Comments
from Jenna Orkin:
You
have probably been thinking, since you are probably a reasonable
person, that Hurricane Sandy served as a wake-up call to governments,
as well as individuals and businesses, about the benefits of taking
precautions against such events in the future which had until now
been considered "Black Swans."
Your
reasonable assumption, however, would be wrong in at least one
critical arena: the utilities. Turns out that Con Ed and Co. have
little incentive to invest in preventive measures; it's far cheaper -
a hundred times, to be exact - to clean up after the fact.
For
Con Ed after Hurricane Sandy, that means the difference between a 3%
rate raise for three years and a 300% rate raise for ten years.

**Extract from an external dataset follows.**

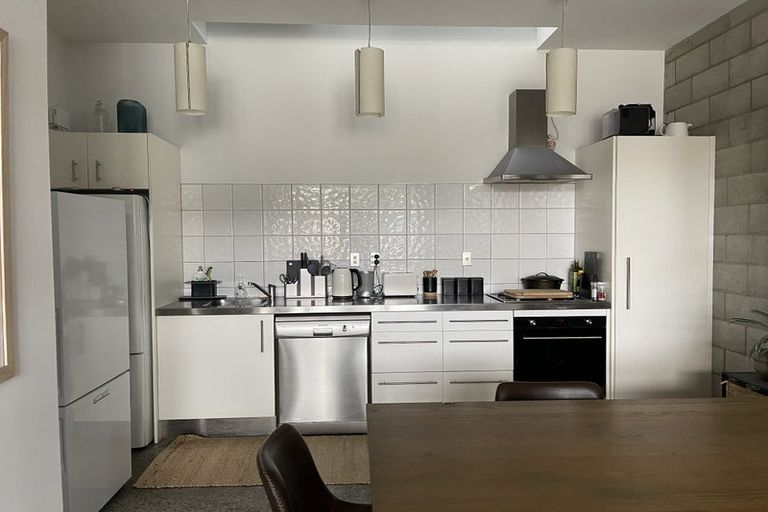 Photo of property in Mondrian Townhouses, 4/24 Hanson Street, Mount Cook, Wellington, 6021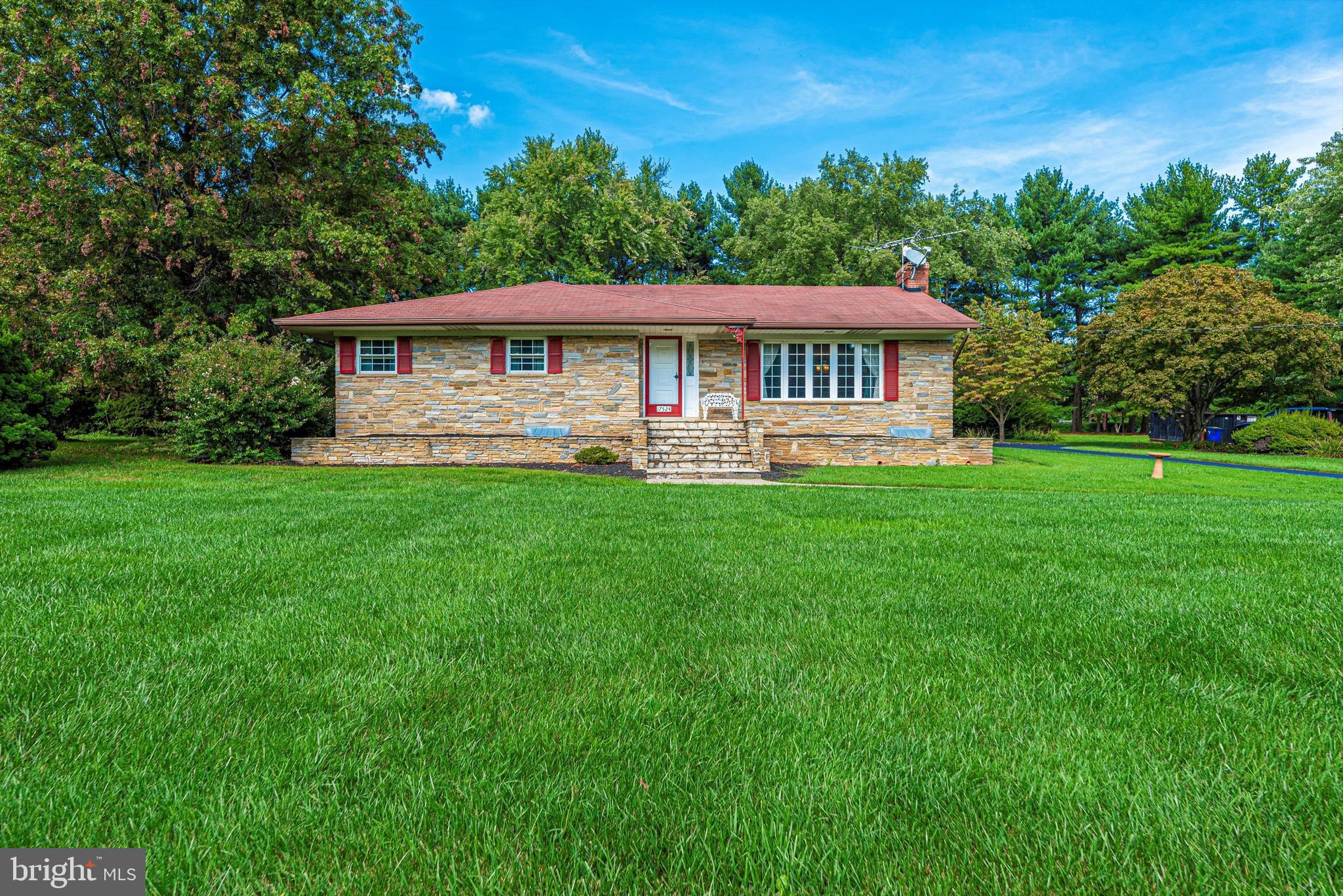 17524 Frederick Road Mount Airy, MD 21771 - Photo 2 of 38 Exterior Front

(That's actually more than 100% but these figures come from the New
York Times article on the topic.)
Not
only that but also, the absurd fact remains that Congress has
traditionally been willing to act only after a given disaster has
taken place.
The
Precautionary Principle prevails in parts of Europe but here, all
assaults on the environment are innocent until proven guilty.
Hurricane
Sandy Alters Utilities’ Calculus on Upgrades
28
December, 2012
After
Hurricane Sandy wreaked havoc with power systems in the Northeast,
many consumers and public officials complained that the electric
utilities had done far too little to protect their equipment from
violent storms, which forecasters have warned could strike with
increasing frequency.
But
from a utility’s perspective, the cold hard math is this: it is
typically far cheaper for the company, and its customers, to skip the
prevention measures and just clean up the mess afterward.
Consolidated
Edison, for example, expects to spend as much as $450 million to
repair damages to its electric grid in and around New York City.
Since utilities are generally allowed to recover their costs through
electric rates, customer bills in the region, which typically run
about $90 a month for residential customers, would have to rise by
almost 3 percent for three years to cover those expenses alone.
Fully
stormproofing the system — sinking power lines, elevating
substations and otherwise hardening equipment against damage from
torrential winds and widespread flooding — could easily cost 100
times as much. For Con Ed, carrying out just one measure — putting
all of its electric lines underground — would cost around $40
billion, the company estimates. To recover those costs, electric
rates would probably have to triple for a decade or more, according
to Kevin Burke, Con Ed’s chief executive.
Avoiding
such large investments is also appealing for another reason: the
federal government has sometimes helped bail out utilities after
catastrophes, like the Sept. 11 terror attacks and Hurricane Katrina.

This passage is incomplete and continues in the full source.